Michelangelo began in 1508 the Sistine Chapel and in a period of 4 years he painted the ancestors of Christ, the Old Testament Prophets and the pagan Sibyls. He included the Old Testament heroes and leaders defeating enemies of Faith. In 1530 he painted the Last Judgment on the altar wall. The complete work of the Sistine Chapel of Michelangelo shows a complete world history from the very beginning of Creation, the Old Testament including the Prophets and Moses, the pagan world all the way to the Life of Christ and Peter, including the history of the Church portraying the great popes on the walls. It even portraits the end of time in the Last Judgment (McConomy, 1).
Michelangelo’s paining of Adam reflected the fifteenth-century Italian humanism view of divine beauty in nature and in the human body. This purely aesthetic sense seen in the Sistine Chapel is the principal subject of Michelangelo’s frescoes (6). His work also reflects the understanding of creation in the High Renaissance, being primarily an intellectual act, and the physical reduced to the most minimal contact of two fingers (7). It is also good to notice that God creates Adam with his right hand, and the left one is safeguarding Eve. This reflects the right being the good, and the left being the bad which is again reflected in the Last Judgment imagery of the altar wall (9).

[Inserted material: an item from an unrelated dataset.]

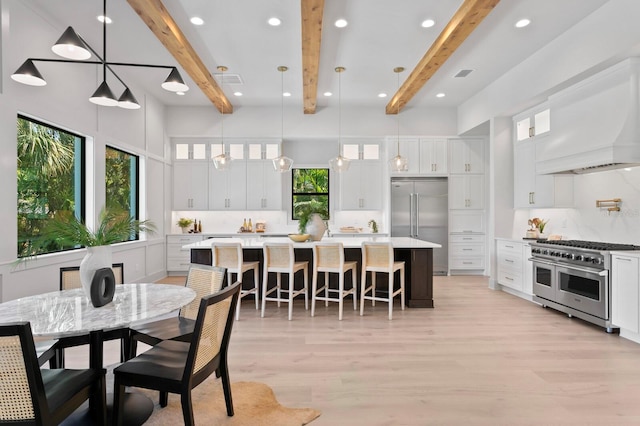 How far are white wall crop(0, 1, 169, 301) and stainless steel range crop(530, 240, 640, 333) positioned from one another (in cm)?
583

The Renaissance patriarchy images are also seen during Creation all the way to the Temptation and Fall (10).
The central axis of the ceiling represents the beginning of Genesis: the stories of creation of the world and humanity, the fall and expulsion from the Garden of Eden, and of Noah and his family (Baldwin, 14).
The Genesis begins at the altar wall (separation of light from darkness) and it ends with the Drunkenness of Noah (14). The story of the Genesis foreshadows the New Testament. Adam and Eve represent Christ and Mary (14). The prophets and sibyls are accompanied by ancestors of Christ. These ancestors are associated with popes as these are the successors of Christ, which begun in the Old Testament (15).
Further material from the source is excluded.